DATA SEGMENT ::
☆ ☆ ☆ ☆ ☆ ☆ ☆
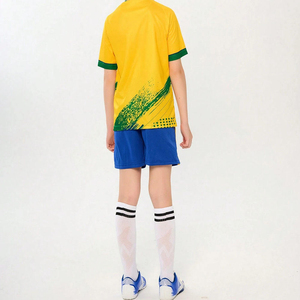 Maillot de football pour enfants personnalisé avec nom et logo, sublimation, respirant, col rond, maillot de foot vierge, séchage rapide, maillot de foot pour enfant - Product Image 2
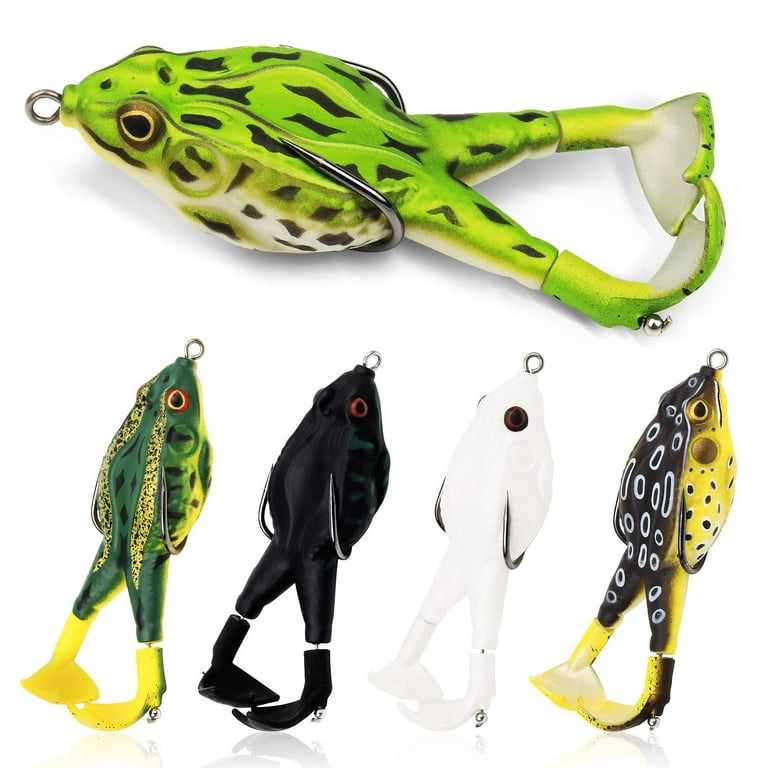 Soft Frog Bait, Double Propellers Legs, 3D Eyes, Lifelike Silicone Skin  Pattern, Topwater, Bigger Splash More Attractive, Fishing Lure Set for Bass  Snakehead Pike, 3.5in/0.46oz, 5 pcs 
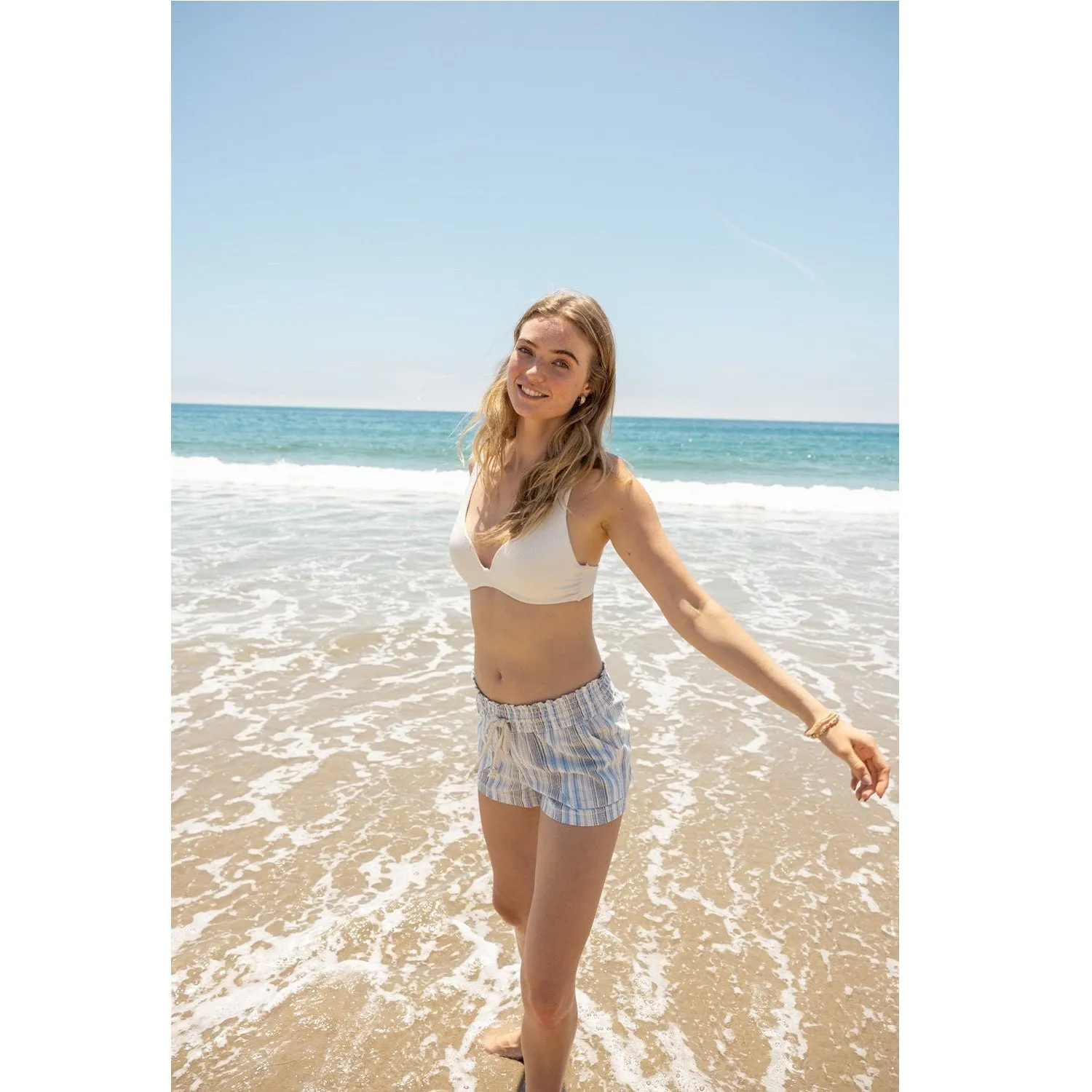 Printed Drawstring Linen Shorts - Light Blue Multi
☆ ☆ ☆ ☆ ☆ ☆ ☆
All of the data is to be returned exactly, with no pictures included.

 Maillot de football pour enfants personnalisé avec nom et logo, sublimation, respirant, col rond, maillot de foot vierge, séchage rapide, maillot de foot pour enfant - Product Image 2
 Soft Frog Bait, Double Propellers Legs, 3D Eyes, Lifelike Silicone Skin  Pattern, Topwater, Bigger Splash More Attractive, Fishing Lure Set for Bass  Snakehead Pike, 3.5in/0.46oz, 5 pcs 
 Printed Drawstring Linen Shorts - Light Blue Multi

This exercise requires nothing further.